Archangel's Resurrection (Guild Hunter #15)(18)



The deadly glow didn’t dim, but something of Alexander’s passion seemed to get through to Esphares and he stared at the stone table. “Why did I not see?” It was a question almost to himself.

But Alexander answered. “Because you are tired, sire, and a tired fighter always falls on the battlefield. It’s a law you taught me yourself, when I was a fledgling in your army.”

“Archangels don’t get tired, child,” Esphares said, and the way he addressed Alexander was a deliberate insult.

Alexander ignored it. “How many memories do you carry, sire? How much of the weight of history do you bear? How powerful is the crushing force of it all?”

Esphares spun around, his wings opening and snapping closed in a violent motion that created a powerful gust of wind and knocked over all the pieces on the battle table. “I am an archangel! I have the capacity to be endless!”

“Yes,” Alexander said. “But there’s a reason the Cadre is only ten or less. Never more. Else our world would burn ever more, as archangels lived atop archangels. There’s a reason we Sleep. We can be infinite, it’s true, but my mother used to say that being infinite is also our hidden curse. We see no end, and so we live without urgency. We begin to dim in ways small and terrible without ever seeing it.”

Esphares stared at him, death in his eyes. “Do you say I dim, Alexander?”

Alexander went down on one knee, his wings flared behind him. “I will never again serve anyone of your strategic skill, sire. I will never again know a man with such a wealth of battle knowledge in his mind.” He looked up, held that gaze that might yet be the final thing he saw. And he stuck true to his convictions. “But I would rather die today than live to see your light fade mistake by small mistake.”

A blink, a sudden absence of motion.

Then Esphares exhaled. “Is it so bad then, Alexander?”

Aware the danger had passed, Alexander yet stayed on bent knee, for Esphares would always have his respect. “It’s getting there, sire. Another year and you won’t listen to me. You’ll strike me dead and end up surrounded by those who fear you and will say whatever it is you wish them to say.”

Esphares, the scar on one side of his face an element of his history that he’d never explained and that no one else knew the answer to—for it defied the healing abilities of angelkind, came to Alexander and held out a hand. Taking it, Alexander allowed his archangel to haul him to his feet.

“You were never my second in the official records,” Esphares said, “but you have acted with the fidelity and courage of a second, and I won’t forget it. Go now, Alexander. I must think.”

“Sire.” Alexander bowed out of the room, near certain that this would be the last time he’d see the archangel with the wings of a gray falcon for eons to come.

He was right.

Esphares vanished into a place of Sleep secret and unknown and the storm clouds of war whispered away, the Cadre now nine. Alexander had the task of storing Esphares’s most precious belongings and he handled the task with all respect. Only after it was done to his satisfaction would he turn his mind to seeking his next position.

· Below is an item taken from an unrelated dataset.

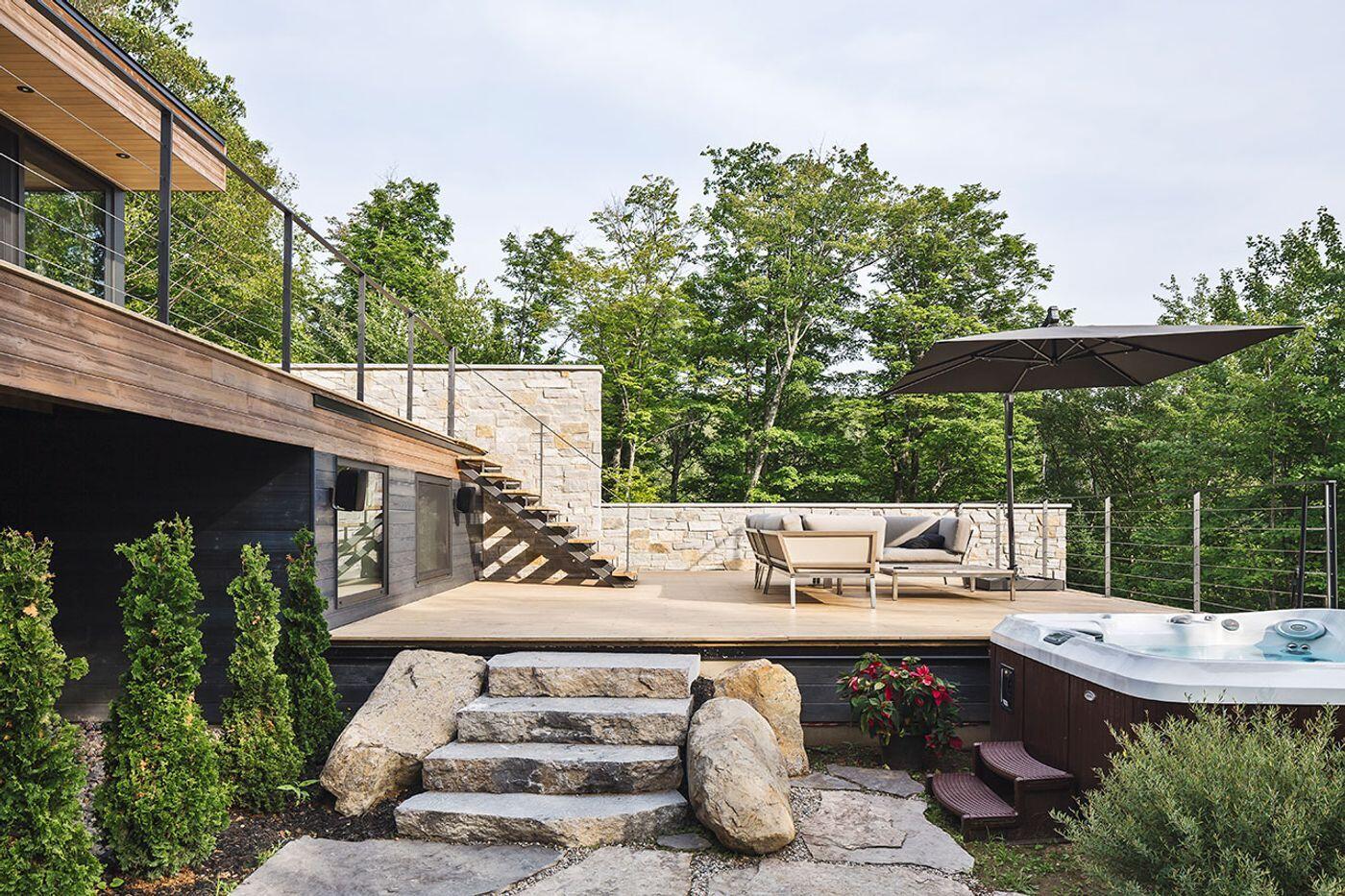 Terraced outdoor spaces framed by natural stone walls blend this modern home seamlessly into its rocky setting.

He’d long left behind all thoughts of ascension. So it was that it came without warning, a spike of impossible power that sent him soaring to the sky, alongside a raven caught in the inferno of his updraft. Then they both went down, the raven burning up as Alexander was struck by a lightning bolt that spread metal through his bones and fused him to the stone of the isolated mountaintop on which he’d landed.

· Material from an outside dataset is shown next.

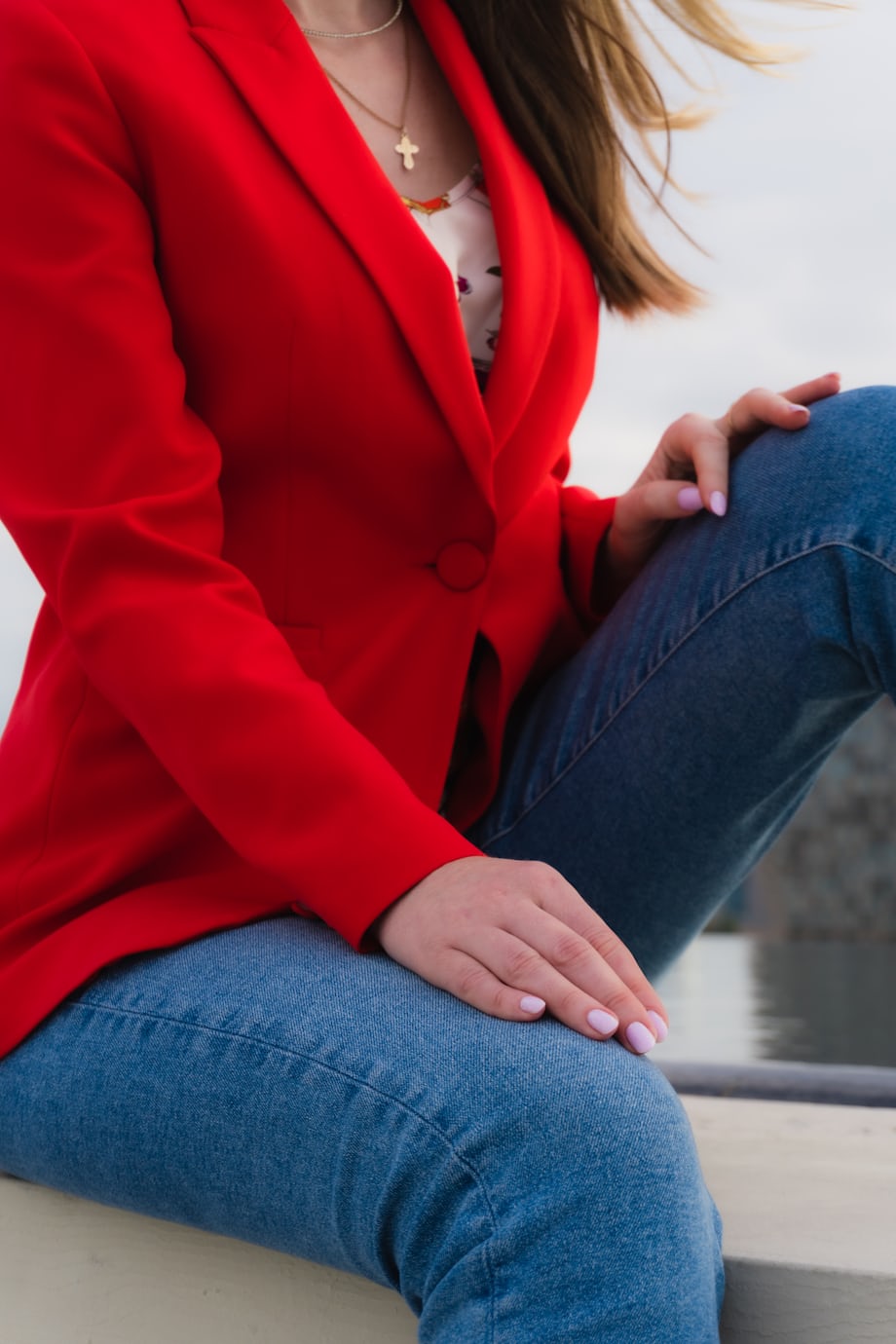Woman in red blazer and jeans showing polished celebrity-inspired casual style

The raven’s feathers were caught in the fusion, black filaments against the metal.

Alexander screamed and from his mouth spilled silver lightning that turned into liquid gold that burned. Across the world, metal melted, spiraled its way across landscapes, became frozen in strange and beautiful shapes. The sky flashed silver then violent gold with a flickering sheen to it.

There was no night.

Only a dazzling metallic day.

When it ended, he’d broken out of the stone and sat crouched on the mountaintop, his blood feeling like liquid metal and his power so vast it reached into forever. And he understood why Esphares hadn’t wanted to go into Sleep. He understood what it was to be greedy with and for power. He understood that he was now one of the ten most powerful beings on the planet.





11


When the sky turned to gleaming metal above Zanaya, deadly as a blade, it was a spear through her heart. She knew what had happened even before news spread across angelkind that First General Alexander had ascended. If he’d been beyond her reach before, he was now impossibly past it.

Zanaya wanted to scream at the sky, then at herself.

“I will not be my mother, obsessing over a man until that obsession is all I am!” she yelled to Auri as they sparred, her best friend the only person who knew of Zanaya’s reluctant fascination with the unattainable Alexander. “I will not!”

Blocking her move with one arm, Auri swept Zanaya’s feet out from under her, but Zanaya rolled back up with quicksilver swiftness.

“You’re hardly your mother,” her friend said, her breathing rough as the two of them circled each other. “It’s not like you’ve put yourself into near-seclusion and refuse to even look at another man. If I recall, you tumbled a rather delicious bite at the last border meeting.”